Got a patent, or have you labelled your product "patent pending" before you've actually put the application in the mail? A recent court ruling on false marking could make you liable for some big bucks – and anyone (not just a competitor) can file a lawsuit.

Patents, of course, stop competitors from stealing your ideas, and if you don't mark them on your products, you're limited in the amount of damages you can recover. But if you stamp your baby wrongly in an attempt to head off competition, you may find yourself on shaky legal ground; a December court decision seriously has raised the stakes. 

On December 28, 2009, the Federal Circuit Court of Appeals held in the case of Forest Group Inc. v. Bon Tool Co. that patent owners and others may be fined up to $500 ($250 for the plaintiff and $250 for the federal government) for every product or advertisement bearing a false patent marking. (Note that the fine is per item – if you've got 1,000 items mislabelled, you could be liable for $500,000 – a big change from pre-ruling, when it was a single $500 fine per decision). What's considered false marking? Saying there's a patent pending when you haven't actually filed an application, using a patent number that doesn't cover the product, and marking a product with a number that has expired. (If you think it was such a struggle to get the patent that you'd never let it expire, keep in mind that if you miss a maintenance fee, your patent can lapse prematurely).

Who besides a competitor would bother to file a lawsuit? Anyone with access to Google (you can check a patent's lifespan and other particulars here) and a bit of free time – the new fines make it potentially more lucrative than, say, eBaying what's in the basement. Some 60 lawsuits have been filed in federal courts in the past two months – 28 of them from one Chicago-area man. Compare that 60 to just seven filed in the eight months before the ruling.

Once upon a time the courts were lenient about false marking, generally looking for – and finding – good faith on the part of the company that the patent number used actually covered the product. But in recent years the courts have made it clear that it's up to patent owners to fork out the funds required to make sure markings are correct. In 2005's Clontech Labs, Inc. v. Invitrogen Corp., the court found Invitrogen had falsely marked molecular biology products and in its ruling highlighted the public interest in free market competition. It stated: "the act of false marking... externalizes the risk of error in the determination, placing it on the public rather than the manufacturer or seller of the article, and increases the cost to the public of ascertaining whether a patentee in fact controls the intellectual property embodied in the article."

What can you do to minimize your liability?

Lawyers Gerry Kraai and Justin Poplin of intellectual property firm Lathrop & Gage suggest documenting your reasons for marking a product as you have. You can get a lawyer to do this but the notes of a supervisor or engineer will suffice – the point is to show that you have a review process in place and could help you demonstrate good faith if a suit is ever brought.

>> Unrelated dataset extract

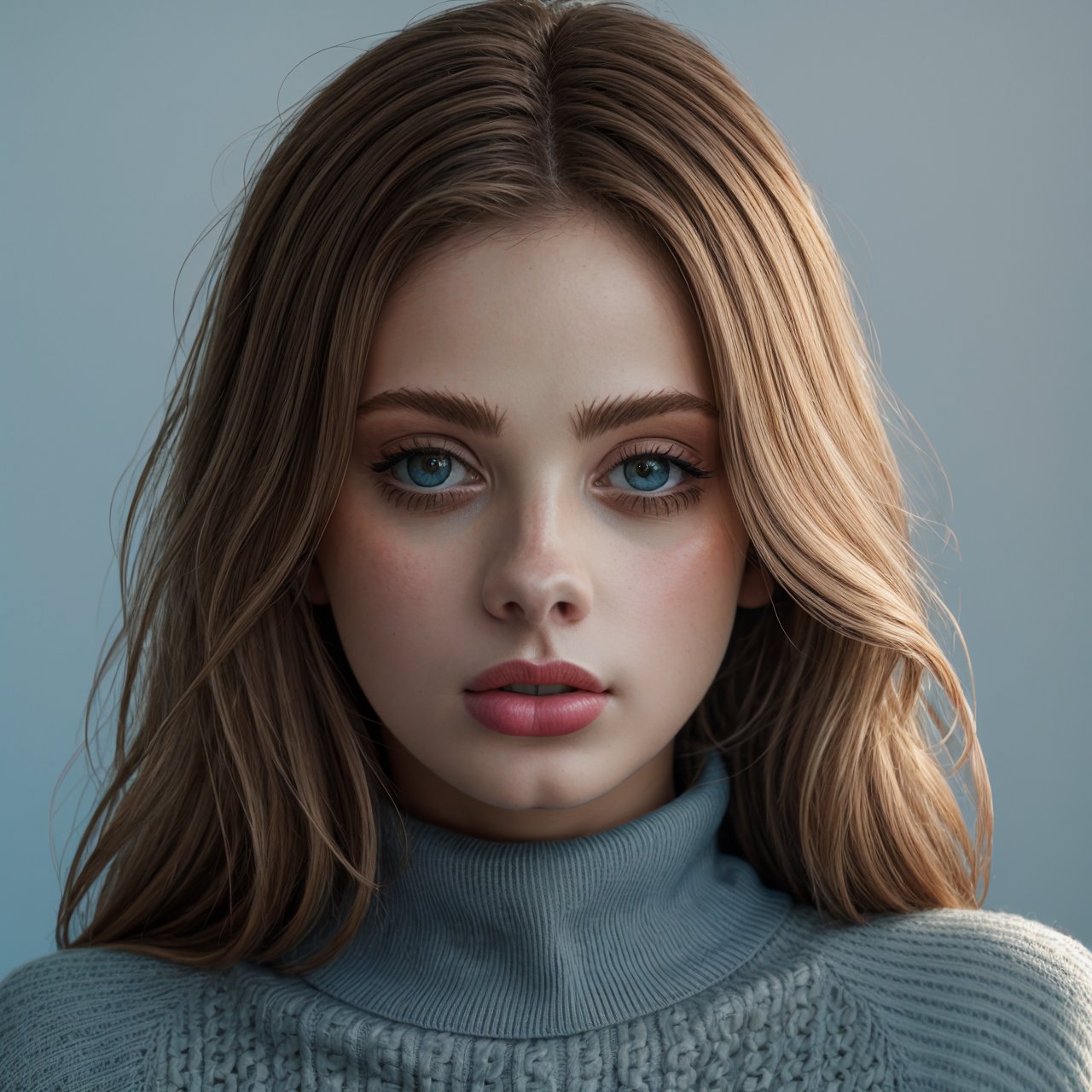 (masterpiece:1.3) view from below, portrait of beautiful (AIDA_LoRA_InWo2023:1.07) <lora:AIDA_LoRA_InWo2023:0.91> in (simple light blue sweater:1.1), [stunning girl], skin with visible pores, pretty face, self-assurance, dramatic, insane level of details, kkw-ph1, (colorful:1.1), (studio photo:1.1), (simple white background:1.1)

Second, avoid any conditional language – both "this product may be protected by" or "this product is protected by one or more of" (in the latter, you need to know exactly which patents it's protected by). If you're not sure if you can use a patent number, you'll need to consult a lawyer – this goes back to the court's ruling that it's up to the holder to pay for any costs associated with using a patent.

Kraai and Poplin also suggest a regular review of products, blogging that "the costs involved with implementing a policy to avoid falsely marking will be only a very small fraction of the costs associated with defending against a false marking suit."